Major Shareholder of DG FastChannel Announces Intent to Vote Against Proposed Merger With Enliven
August 21 2008 - 9:12AM
Marketwired
Costa Brava Partnership III L.P., a long-term shareholder of DG
FastChannel, Inc. (NASDAQ: DGIT), intends to vote against DG
FastChannel's proposed merger with Enliven Marketing Technologies
Corporation (NASDAQ: ENLV). In making this announcement, Costa
Brava first stresses that it thinks highly of DG FastChannel's
senior managers and has been satisfied with the Company's strategic
acquisitions since becoming a shareholder in the fall of 2006.
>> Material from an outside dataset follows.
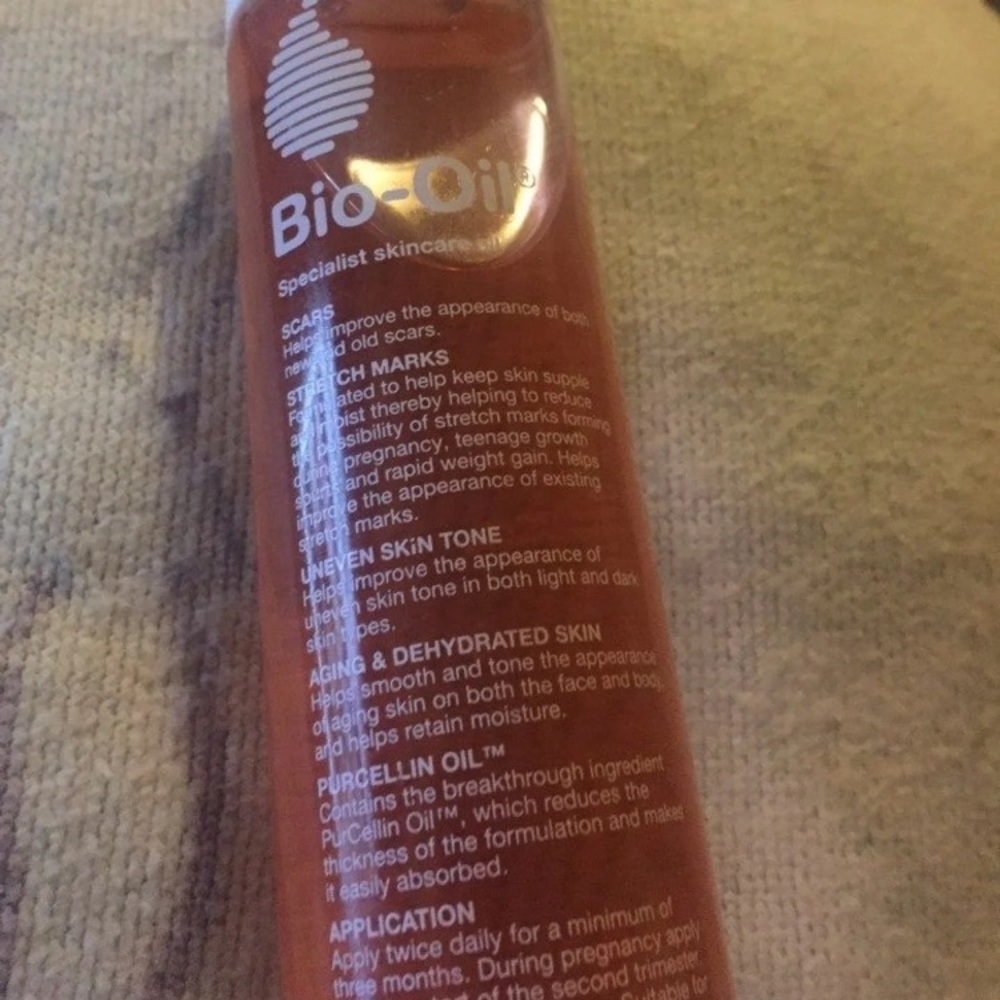 Bio oil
Costa Brava has been happy with DG FastChannel's performance.
Two years ago management promised to take advantage of the February
2009 deadline for FCC mandated implementation of digital
broadcasting. And they kept their promise. To date, the company's
strategic acquisitions have fueled growth, with management taking
advantage of operational synergies quickly and efficiently. The
company's operating income and cash generation over the past two
quarters are proof of management's success in this area.
Costa Brava's satisfaction with DG FastChannel and its prior
acquisitions does not flow to the Enliven transaction. "The
recently proposed Enliven transaction is not like prior strategic
acquisitions. Costa Brava will be voting our 973,000 shares against
the Enliven acquisition," commented Costa Brava's Seth Hamot.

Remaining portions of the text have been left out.